Both community-service projects have earned the two high school juniors the Girl Scouts Gold Star Award -- the organization's highest honor, equivalent to Eagle Scout in Boy Scouts.
Community service projects are the capstones of both the Gold Award and Eagle honors, with one major difference.

"The Girl Scouts' project is about sustainability and how (it) will continue when they're at (college) or no longer in Scouts, while the Eagle Scout's project is usually a one-time event," said Roisin Black, Kiernan's mother and the girls' troop leader.

The two Fairfield girls attend the Academy of Our Lady of Mercy, Lauralton Hall in Milford and are members of troop 32472, which meets at St. Thomas Aquinas Catholic School.

The troop currently has five members, and Guzzi and Kiernan Black bring to three the number with Gold Awards -- 60 percent of the troop. The other is Erin McCurley, who received the Gold Award last year.

Nationally, about 5 percent of Scouts earn the Gold Award, according to the Girl Scouts of America's website.

Community service projects typically take months to complete and require more than 500 hours of work. It is recommended that Scouts spend at least 80 hours on each of nine phases.
The steps include: To identify an issue, investigate it thoroughly, get help and build a team, create a plan, present the plan, gather feedback, take action, educate and inspire others.

The real Mrs. Feeney

Kiernan Black's book was about Margaret Feeney's "farm" in Fairfield. The farm in reality was a vegetable garden in Feeney's back yard, but in the book, the woman gives her ailing father fruits and vegetables she has grown to make him feel better.

As word about what her produce had done for her father spread, friends, family, and neighbors, started asking Feeney for things from her garden.

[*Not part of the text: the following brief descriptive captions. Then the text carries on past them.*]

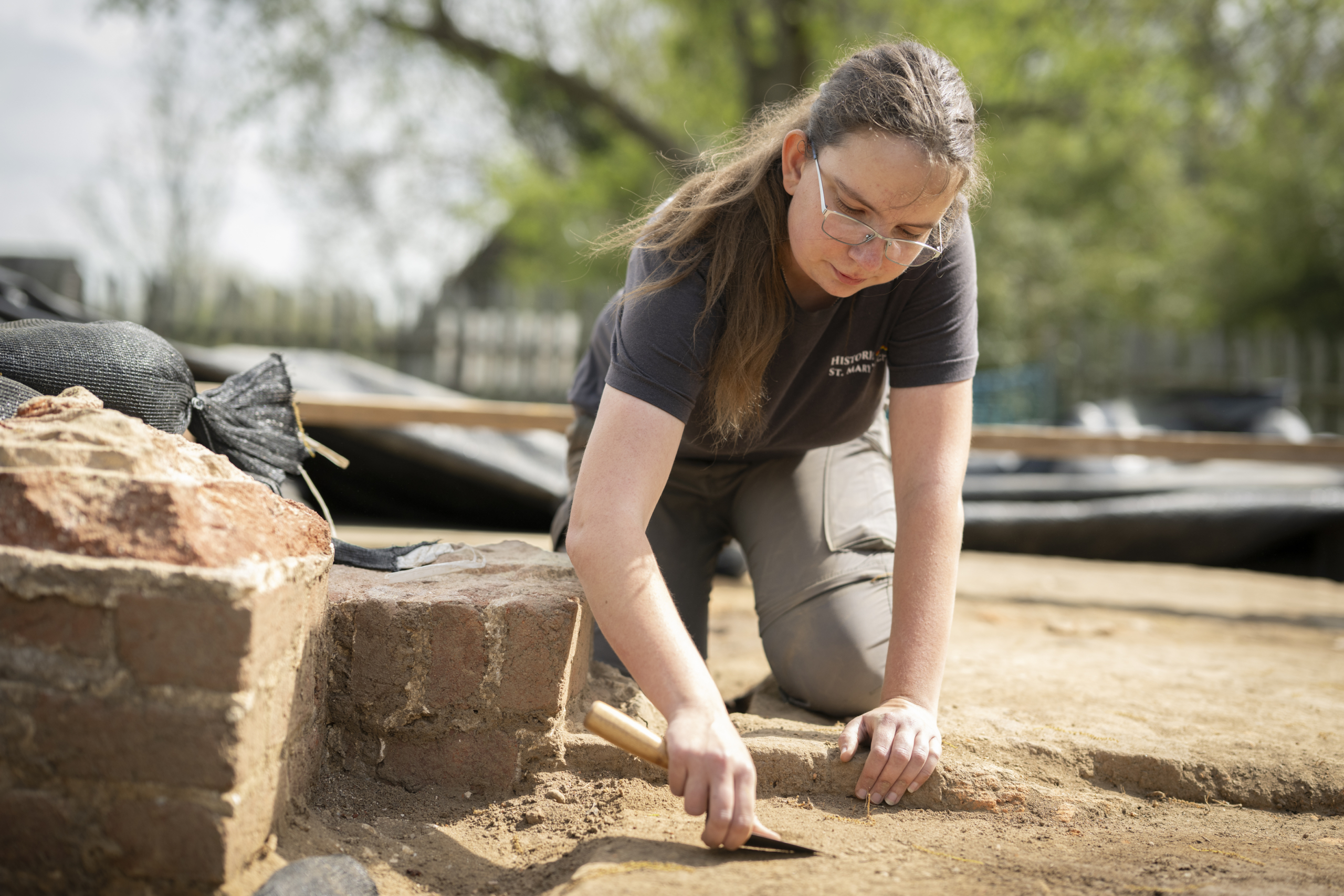54540505795_7e639618a0_o A person kneels on the ground, carefully using a small tool to excavate soil at an outdoor archaeological site.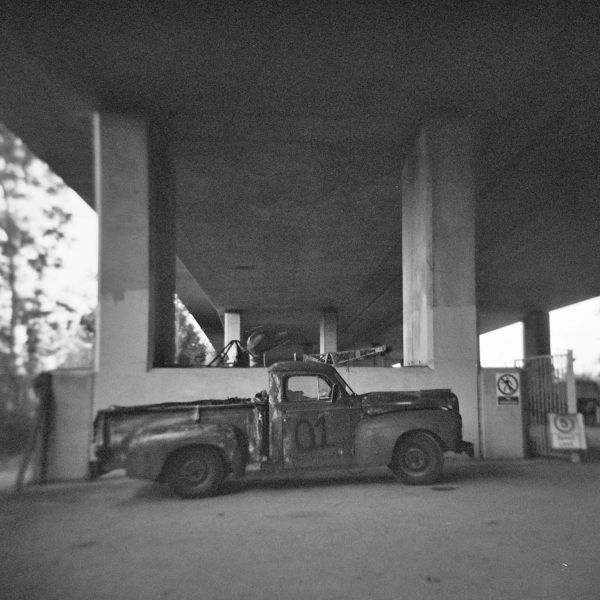 Black and white photo of an old American pickup truck beneath a concrete flyover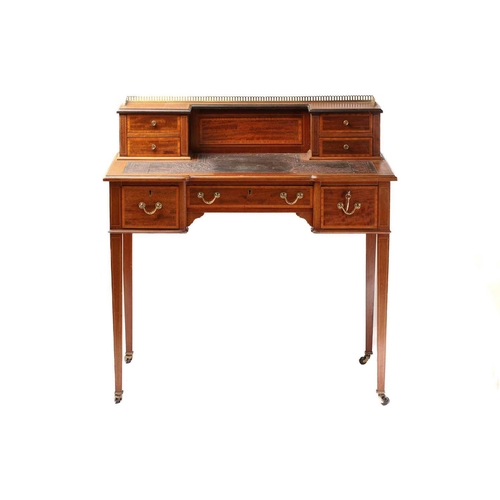 288 - An Edwardian inlaid mahogany Maple & Co, bonheur du jour of inverted breakfront form. The superstruc... 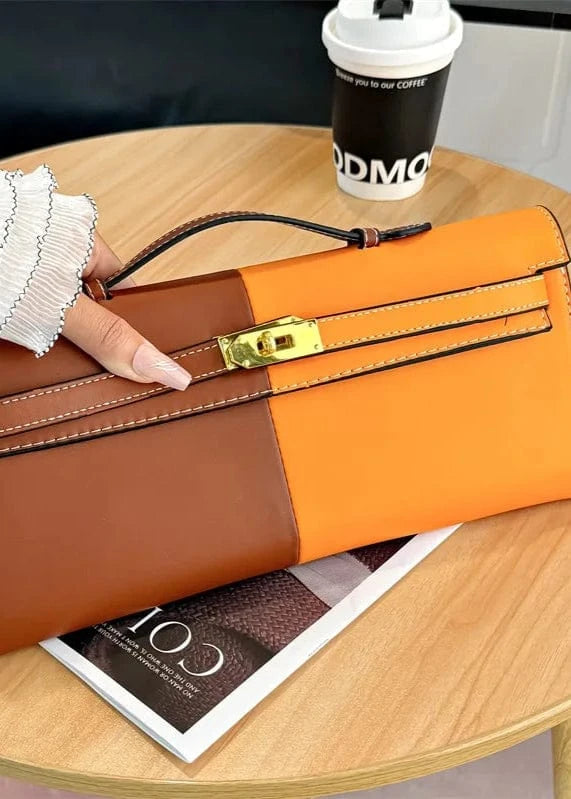 Two-tone brown and orange handbag held by a gloved hand on a wooden table with a coffee cup and magazine.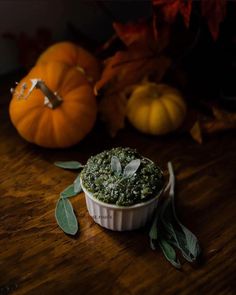 a small white bowl filled with food on top of a wooden table next to pumpkins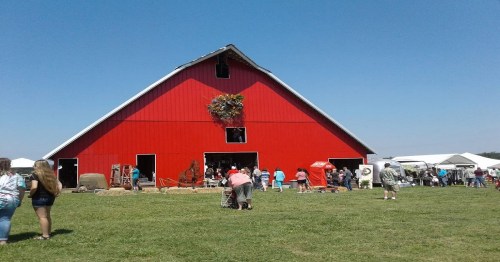 A bright red barn with people gathered outside on a sunny day, surrounded by green grass and tents.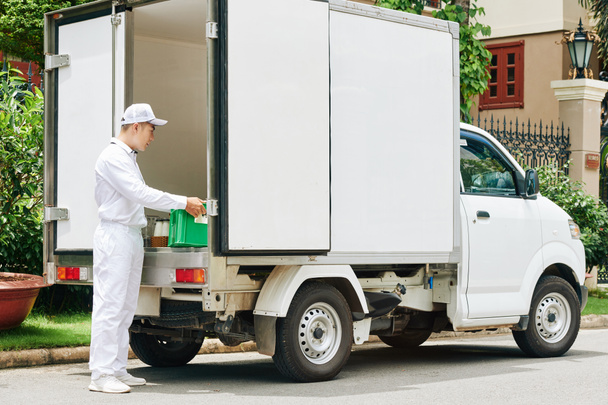 Чоловік в білій формі бере пластикову ящик зі скляними пляшками молока з фургона
 - Фото, зображення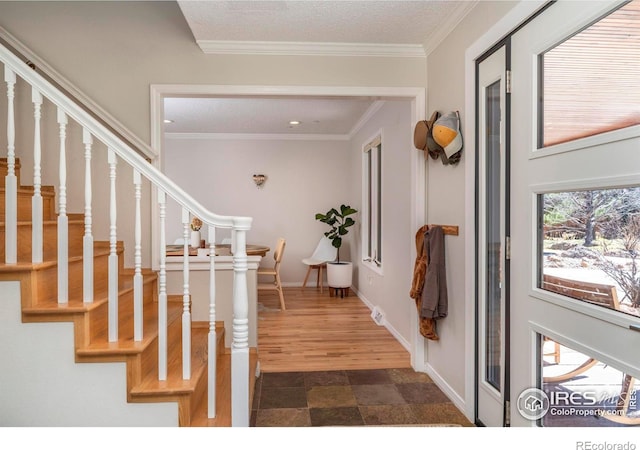 foyer featuring a textured ceiling, ornamental molding, stairway, and baseboards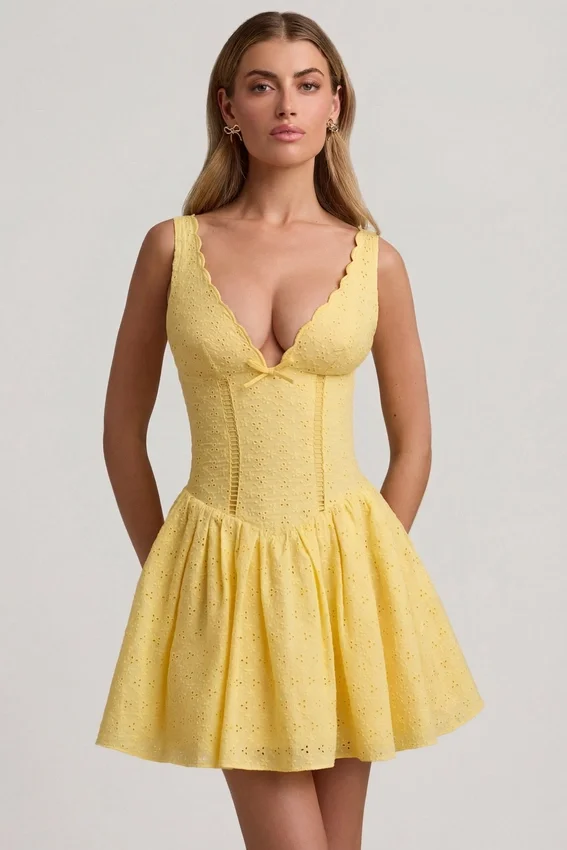 Sabina Broderie Anglaise Bow-Detail A-Line Mini Dress in Pastel Yellow Sabina Broderie Anglaise Bow-Detail A-Line Mini Dress in Pastel Yellow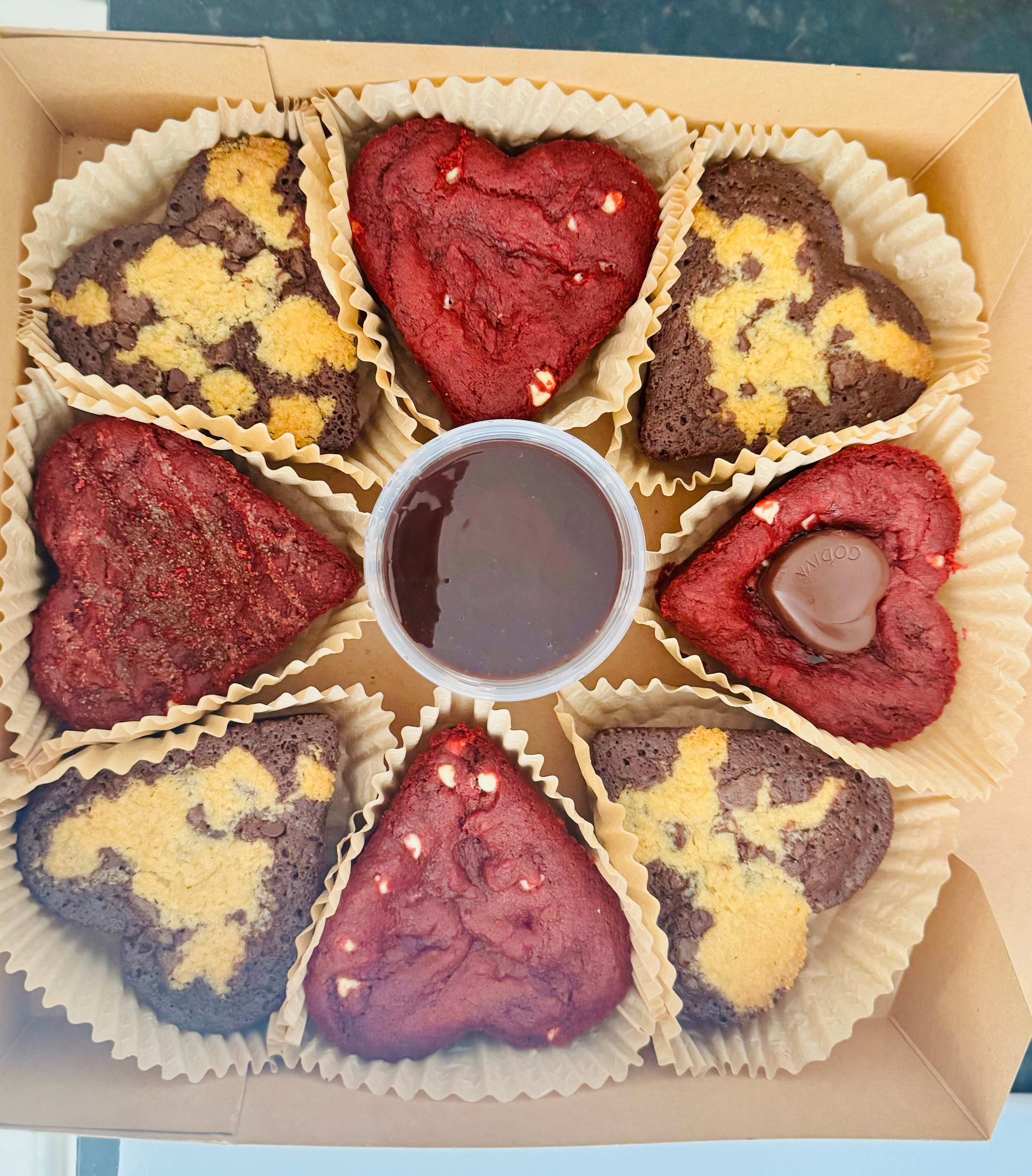 8 Heart shaped brownies with caramel sauce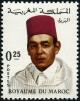 Colnect-899-460-King-Hassan-II-1929-1999.jpg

Feeney then went to grocery stores and bigger farms around Connecticut and asked for extra produce they didn't need to help feed the needy. According to the book, Feeney helped out those in need around the state.

"I ended up working with farms throughout Connecticut gleaning their excess produce and donating it to food shelters and food banks throughout the area," Feeney said. "Right now, I'm still active in the community but don't grow anything."

Kiernan Black taught classes at a few locations in Fairfield and Bridgeport on healthy eating and where to get healthy foods, such as local farmers markets. She said her classes were attended by both parents and kids, most of them low-income families

"Some of the kids never saw and didn't know some of these fruits and vegetables were," Kiernan Black said. "A lot of the kids asked `is a zucchini really purple,' and were really surprised because they've never seen these (fruits and vegetables) before. A lot of their vegetable experience is with just what comes in a can."

Kiernan Black also demonstrated how to use some of them in recipes that are in the back of her book. She also had kids and parents participate in making "ants on a log" (celery stuffed with peanut butter and topped with raisins).

Feeney attended some of the classes, too, proving to attendees that the character in the story was a real person.

"She came to some of the classes with me, and it was good for them to see that she was real and not just a character in my book," Kiernan said.

The book sells for about $6 and is available through Amazon.com. All profits from sales benefit Caroline House, an education center for low-income women and children in Bridgeport.
It was in a coffee shop, not a garden, where the Blacks met Feeney.